Who Wants To Be A Millionaire?
(online game)


You mean you're the one person in the country who doesn't know all the rules and the lifelines? Well, ooooooookay. The computer (sitting in for Regis Philbin) asks you a series of questions with four possible answers. Only one of these is the correct answer. If you're not sure, you can ask an equally-computerized audience or phone a quasi-friend (actually, the phone-a-friend option in ABC.com's online version of the game draws from a bank of answers given by people who have actually been contestants on the show), or you can eliminate two of the wrong answers. If you guess the wrong answer, you wind up going home a little less rich than you might be if you simply walk away. Winning tons of money by knowing lots of useless trivia? This is science fiction! (ABC.com, 1999)


Admittedly, I'm waiting for Sony to get it in gear and release the Playstation version of Millionaire in late June, but for now, there's the rather good online version of the game on ABC's web site. At the behest of the benign overlords as Disney, ABC.com repeatedly - and I do mean repeatedly - reminds you that you're not playing for any kind of money or prizes.

The online game features music and some rather chunky attempts at ersatz full-motion-video of the set. Even with other things such as my e-mail client running, the music was surprisingly free of glitching, even if my connection was a lowly 40Kbps (which seems to be about as fast as you can go in Fort Smith). This version of Millionaire also introduces a timer element to the game - you don't get to reason things out aloud, or trade cheesy jokes with Regus. You have 30 seconds to get the right answer, period.

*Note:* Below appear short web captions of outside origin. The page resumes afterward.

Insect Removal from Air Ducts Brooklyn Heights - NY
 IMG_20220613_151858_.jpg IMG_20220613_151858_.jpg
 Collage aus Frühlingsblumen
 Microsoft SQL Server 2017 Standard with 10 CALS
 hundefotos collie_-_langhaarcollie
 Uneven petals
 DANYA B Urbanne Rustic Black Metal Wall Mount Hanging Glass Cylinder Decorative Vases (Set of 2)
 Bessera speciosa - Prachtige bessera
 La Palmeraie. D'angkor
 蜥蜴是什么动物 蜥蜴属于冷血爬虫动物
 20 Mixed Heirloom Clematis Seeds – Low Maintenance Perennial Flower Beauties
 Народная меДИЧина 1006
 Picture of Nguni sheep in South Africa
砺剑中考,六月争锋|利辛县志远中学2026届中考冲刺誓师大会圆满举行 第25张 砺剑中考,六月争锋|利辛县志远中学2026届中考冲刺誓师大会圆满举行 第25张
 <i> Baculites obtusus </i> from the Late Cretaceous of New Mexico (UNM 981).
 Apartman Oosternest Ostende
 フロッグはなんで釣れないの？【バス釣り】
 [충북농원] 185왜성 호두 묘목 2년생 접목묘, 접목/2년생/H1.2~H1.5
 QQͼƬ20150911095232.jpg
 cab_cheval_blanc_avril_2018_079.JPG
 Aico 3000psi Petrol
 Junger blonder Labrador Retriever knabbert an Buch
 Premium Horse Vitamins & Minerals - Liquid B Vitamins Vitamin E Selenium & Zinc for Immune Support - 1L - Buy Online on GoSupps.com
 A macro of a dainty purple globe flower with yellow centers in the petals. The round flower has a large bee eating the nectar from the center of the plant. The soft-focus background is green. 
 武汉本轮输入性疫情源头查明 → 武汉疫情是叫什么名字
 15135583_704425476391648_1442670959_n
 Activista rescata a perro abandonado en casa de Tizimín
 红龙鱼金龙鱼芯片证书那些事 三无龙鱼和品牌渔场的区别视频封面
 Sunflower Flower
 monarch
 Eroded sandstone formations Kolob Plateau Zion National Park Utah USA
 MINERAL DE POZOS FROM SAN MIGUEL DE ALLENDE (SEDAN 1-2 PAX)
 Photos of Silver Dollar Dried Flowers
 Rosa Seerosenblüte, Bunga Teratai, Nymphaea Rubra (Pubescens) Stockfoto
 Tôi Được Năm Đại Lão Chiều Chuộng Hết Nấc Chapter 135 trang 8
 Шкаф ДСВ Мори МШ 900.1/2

For an online game, Millionaire runs extraordinarily smoothly. If I have a single big gripe with the online version, it is that the games are preset, offering you questions that have already been used on the show in nearly every episode between now and last fall. The questions have to be presets, I understand that. But couldn't we randomize things a bit? As it is, once you've played all the games on file, you're out of luck until the next site update comes along.

I know some readers will think I've really violated my charter by delving into (A) a Millionaire game and (B) an online-only game. If anything, it simply whets my appetite for the Playstation version. But I do occasionally like to watch the TV show if it happens to be on, so this is kinda fun. It helps me to realize how hopeless I'd be on the actual show!

Rating: Four quarters!  Four quarters - a couple of minor irritants, but mostly a compelling and addictive game.